All entries must be extracted exactly, with nothing added or dropped.

╭─ Available records

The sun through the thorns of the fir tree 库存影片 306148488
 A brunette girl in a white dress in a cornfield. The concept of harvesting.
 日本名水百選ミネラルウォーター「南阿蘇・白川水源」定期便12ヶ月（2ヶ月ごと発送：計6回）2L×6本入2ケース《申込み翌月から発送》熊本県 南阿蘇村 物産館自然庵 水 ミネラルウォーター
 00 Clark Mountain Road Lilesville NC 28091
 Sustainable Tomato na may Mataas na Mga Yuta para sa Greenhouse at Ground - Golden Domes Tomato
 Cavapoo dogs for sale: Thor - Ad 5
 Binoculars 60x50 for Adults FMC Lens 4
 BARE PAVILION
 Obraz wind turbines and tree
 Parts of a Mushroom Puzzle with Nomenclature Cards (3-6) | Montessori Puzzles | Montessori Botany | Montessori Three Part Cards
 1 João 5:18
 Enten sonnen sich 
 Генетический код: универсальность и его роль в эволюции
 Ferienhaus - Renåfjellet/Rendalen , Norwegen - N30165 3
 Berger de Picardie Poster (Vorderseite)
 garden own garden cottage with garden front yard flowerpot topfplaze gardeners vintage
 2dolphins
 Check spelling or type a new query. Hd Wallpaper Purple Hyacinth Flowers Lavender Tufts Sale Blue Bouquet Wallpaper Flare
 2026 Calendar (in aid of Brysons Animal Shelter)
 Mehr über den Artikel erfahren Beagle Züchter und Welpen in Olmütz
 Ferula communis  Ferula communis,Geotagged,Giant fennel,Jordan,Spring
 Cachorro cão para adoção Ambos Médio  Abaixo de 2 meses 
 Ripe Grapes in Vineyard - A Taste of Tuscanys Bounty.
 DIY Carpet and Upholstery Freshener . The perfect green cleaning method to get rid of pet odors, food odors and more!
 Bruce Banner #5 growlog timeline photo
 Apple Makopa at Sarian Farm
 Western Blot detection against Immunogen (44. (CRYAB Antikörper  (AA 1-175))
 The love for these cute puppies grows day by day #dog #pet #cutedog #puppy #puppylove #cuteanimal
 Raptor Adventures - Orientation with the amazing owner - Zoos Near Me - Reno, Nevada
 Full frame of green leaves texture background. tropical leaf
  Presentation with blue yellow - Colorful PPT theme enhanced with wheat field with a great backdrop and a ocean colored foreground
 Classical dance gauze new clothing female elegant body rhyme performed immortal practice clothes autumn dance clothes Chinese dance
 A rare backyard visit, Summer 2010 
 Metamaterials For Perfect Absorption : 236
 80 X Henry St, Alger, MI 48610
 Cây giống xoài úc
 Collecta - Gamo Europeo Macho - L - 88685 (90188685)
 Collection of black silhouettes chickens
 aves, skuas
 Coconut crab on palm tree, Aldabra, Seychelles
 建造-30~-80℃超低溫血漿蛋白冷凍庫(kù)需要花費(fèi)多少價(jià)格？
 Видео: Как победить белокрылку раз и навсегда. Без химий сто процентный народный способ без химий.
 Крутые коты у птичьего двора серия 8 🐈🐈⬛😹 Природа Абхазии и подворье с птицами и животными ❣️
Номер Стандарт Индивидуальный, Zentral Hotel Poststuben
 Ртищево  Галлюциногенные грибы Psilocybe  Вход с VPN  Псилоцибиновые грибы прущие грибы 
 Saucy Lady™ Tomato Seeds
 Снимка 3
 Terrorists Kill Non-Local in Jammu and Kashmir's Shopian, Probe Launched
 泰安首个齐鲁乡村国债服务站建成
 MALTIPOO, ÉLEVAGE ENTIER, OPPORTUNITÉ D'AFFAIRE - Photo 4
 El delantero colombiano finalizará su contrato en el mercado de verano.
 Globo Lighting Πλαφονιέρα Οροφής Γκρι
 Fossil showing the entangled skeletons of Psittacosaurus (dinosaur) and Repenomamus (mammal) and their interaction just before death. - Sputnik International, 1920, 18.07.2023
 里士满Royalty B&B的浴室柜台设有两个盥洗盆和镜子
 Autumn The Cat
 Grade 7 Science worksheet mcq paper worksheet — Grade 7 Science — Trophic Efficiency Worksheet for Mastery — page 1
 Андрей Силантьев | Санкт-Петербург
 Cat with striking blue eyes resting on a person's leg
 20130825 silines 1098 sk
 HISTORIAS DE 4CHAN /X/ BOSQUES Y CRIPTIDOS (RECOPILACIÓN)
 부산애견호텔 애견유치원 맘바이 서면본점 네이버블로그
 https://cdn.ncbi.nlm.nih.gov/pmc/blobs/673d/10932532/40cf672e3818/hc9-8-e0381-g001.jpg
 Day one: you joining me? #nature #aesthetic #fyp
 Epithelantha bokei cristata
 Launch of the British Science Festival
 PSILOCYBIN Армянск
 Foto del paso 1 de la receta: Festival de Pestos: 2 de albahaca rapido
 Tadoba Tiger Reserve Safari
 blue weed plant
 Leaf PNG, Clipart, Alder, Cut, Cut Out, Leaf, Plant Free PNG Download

╰─

■ Output
The sun through the thorns of the fir tree 库存影片 306148488
 A brunette girl in a white dress in a cornfield. The concept of harvesting.
 日本名水百選ミネラルウォーター「南阿蘇・白川水源」定期便12ヶ月（2ヶ月ごと発送：計6回）2L×6本入2ケース《申込み翌月から発送》熊本県 南阿蘇村 物産館自然庵 水 ミネラルウォーター
 00 Clark Mountain Road Lilesville NC 28091
 Sustainable Tomato na may Mataas na Mga Yuta para sa Greenhouse at Ground - Golden Domes Tomato
 Cavapoo dogs for sale: Thor - Ad 5
 Binoculars 60x50 for Adults FMC Lens 4
 BARE PAVILION
 Obraz wind turbines and tree
 Parts of a Mushroom Puzzle with Nomenclature Cards (3-6) | Montessori Puzzles | Montessori Botany | Montessori Three Part Cards
 1 João 5:18
 Enten sonnen sich 
 Генетический код: универсальность и его роль в эволюции
 Ferienhaus - Renåfjellet/Rendalen , Norwegen - N30165 3
 Berger de Picardie Poster (Vorderseite)
 garden own garden cottage with garden front yard flowerpot topfplaze gardeners vintage
 2dolphins
 Check spelling or type a new query. Hd Wallpaper Purple Hyacinth Flowers Lavender Tufts Sale Blue Bouquet Wallpaper Flare
 2026 Calendar (in aid of Brysons Animal Shelter)
 Mehr über den Artikel erfahren Beagle Züchter und Welpen in Olmütz
 Ferula communis  Ferula communis,Geotagged,Giant fennel,Jordan,Spring
 Cachorro cão para adoção Ambos Médio  Abaixo de 2 meses 
 Ripe Grapes in Vineyard - A Taste of Tuscanys Bounty.
 DIY Carpet and Upholstery Freshener . The perfect green cleaning method to get rid of pet odors, food odors and more!
 Bruce Banner #5 growlog timeline photo
 Apple Makopa at Sarian Farm
 Western Blot detection against Immunogen (44. (CRYAB Antikörper  (AA 1-175))
 The love for these cute puppies grows day by day #dog #pet #cutedog #puppy #puppylove #cuteanimal
 Raptor Adventures - Orientation with the amazing owner - Zoos Near Me - Reno, Nevada
 Full frame of green leaves texture background. tropical leaf
  Presentation with blue yellow - Colorful PPT theme enhanced with wheat field with a great backdrop and a ocean colored foreground
 Classical dance gauze new clothing female elegant body rhyme performed immortal practice clothes autumn dance clothes Chinese dance
 A rare backyard visit, Summer 2010 
 Metamaterials For Perfect Absorption : 236
 80 X Henry St, Alger, MI 48610
 Cây giống xoài úc
 Collecta - Gamo Europeo Macho - L - 88685 (90188685)
 Collection of black silhouettes chickens
 aves, skuas
 Coconut crab on palm tree, Aldabra, Seychelles
 建造-30~-80℃超低溫血漿蛋白冷凍庫(kù)需要花費(fèi)多少價(jià)格？
 Видео: Как победить белокрылку раз и навсегда. Без химий сто процентный народный способ без химий.
 Крутые коты у птичьего двора серия 8 🐈🐈⬛😹 Природа Абхазии и подворье с птицами и животными ❣️
Номер Стандарт Индивидуальный, Zentral Hotel Poststuben
 Ртищево  Галлюциногенные грибы Psilocybe  Вход с VPN  Псилоцибиновые грибы прущие грибы 
 Saucy Lady™ Tomato Seeds
 Снимка 3
 Terrorists Kill Non-Local in Jammu and Kashmir's Shopian, Probe Launched
 泰安首个齐鲁乡村国债服务站建成
 MALTIPOO, ÉLEVAGE ENTIER, OPPORTUNITÉ D'AFFAIRE - Photo 4
 El delantero colombiano finalizará su contrato en el mercado de verano.
 Globo Lighting Πλαφονιέρα Οροφής Γκρι
 Fossil showing the entangled skeletons of Psittacosaurus (dinosaur) and Repenomamus (mammal) and their interaction just before death. - Sputnik International, 1920, 18.07.2023
 里士满Royalty B&B的浴室柜台设有两个盥洗盆和镜子
 Autumn The Cat
 Grade 7 Science worksheet mcq paper worksheet — Grade 7 Science — Trophic Efficiency Worksheet for Mastery — page 1
 Андрей Силантьев | Санкт-Петербург
 Cat with striking blue eyes resting on a person's leg
 20130825 silines 1098 sk
 HISTORIAS DE 4CHAN /X/ BOSQUES Y CRIPTIDOS (RECOPILACIÓN)
 부산애견호텔 애견유치원 맘바이 서면본점 네이버블로그
 https://cdn.ncbi.nlm.nih.gov/pmc/blobs/673d/10932532/40cf672e3818/hc9-8-e0381-g001.jpg
 Day one: you joining me? #nature #aesthetic #fyp
 Epithelantha bokei cristata
 Launch of the British Science Festival
 PSILOCYBIN Армянск
 Foto del paso 1 de la receta: Festival de Pestos: 2 de albahaca rapido
 Tadoba Tiger Reserve Safari
 blue weed plant
 Leaf PNG, Clipart, Alder, Cut, Cut Out, Leaf, Plant Free PNG Download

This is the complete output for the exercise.